Em números gerais, o Pantanal tem cerca de 2 mil espécies de plantas, 580 de aves,  280 de peixes, 174 de mamíferos, 131 de répteis e 57 de anfíbios. O número de invertebrados é desconhecido. O bioma também é refúgio para espécies ameaçadas de extinção que vivem em outras regiões.

(Foto: Rogério Florentino/Greenpeace)

O projeto Bichos do Pantanal estima que entre 30% e 35% das espécies de flora e cerca de 20% de mamíferos foram atingidos pelos atuais incêndios, com base em levantamentos anteriores.

Os estudos após os incêndios devem comparar o antes e o depois do bioma. Ainda não há estimativa numérica da perda.

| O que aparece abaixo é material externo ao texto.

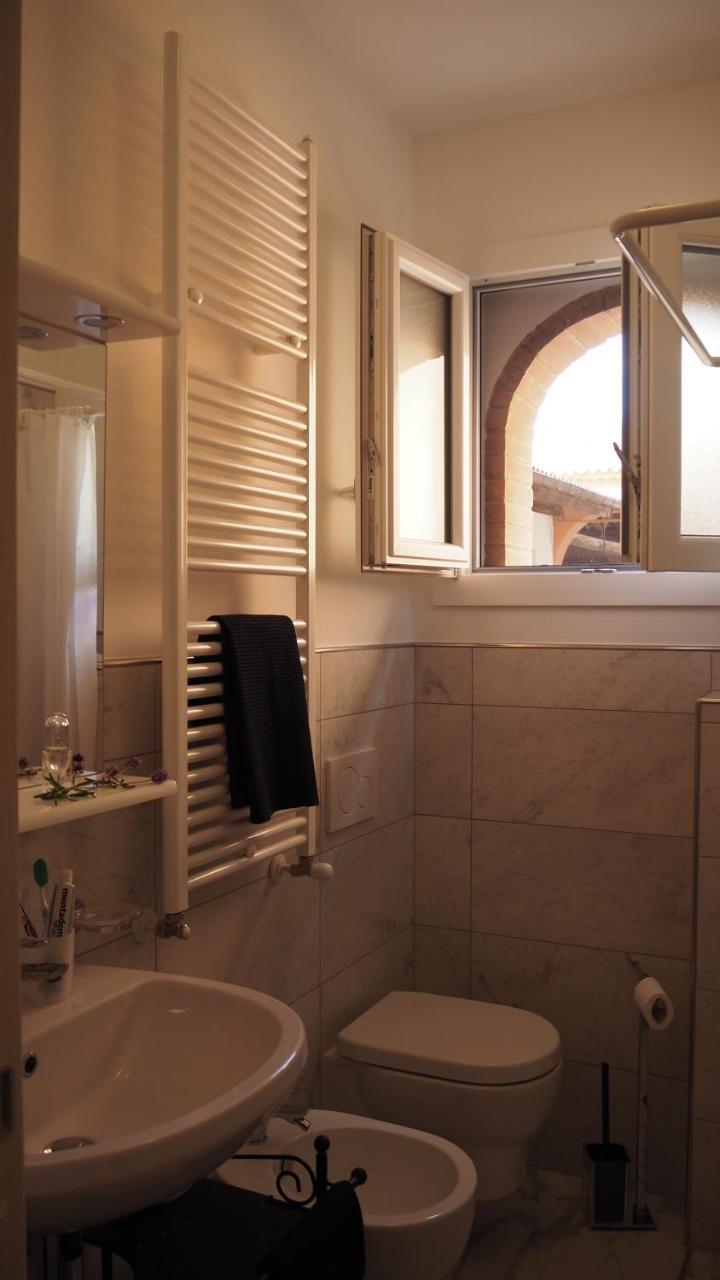 R&B Giardino 34 Bed & Breakfast Forli Exterior photo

Algumas regiões, entretanto, dão ao estudiosos um pouco mais de preocupação pela falta de dados. É o caso do Parque Encontro das Águas, tido como santuário das onças no Brasil, que teve 85% da área queimada. “Tinha-se pouquíssima informação sobre esse parque”, lamenta.

Paulo André da Silva Barroso, coronel do Corpo de Bombeiros, alerta que as consequências no pós-desastre ainda podem ser maiores. Isso porque, muitos animais ainda devem morrer. A projeção leva em consideração o período chuvoso. Com a volta da água, as cinzas devem ser escoadas para dentro dos rios, atingindo os peixes. Por consequência, os animais que se alimentam deles também podem padecer. “É uma segunda fase do desastre”, diz.

Apesar da perda imensurável, Strussmann acredita que exista um sopro de vida. Mesmo nesse trabalho de procurar animais mortos, é possível ver um sopro de vida. “Alguns organismos ficam esperando o mínimo do sistema voltar para dar continuidade”, diz a professora, citando insetos que fazem a polinização nas florestas.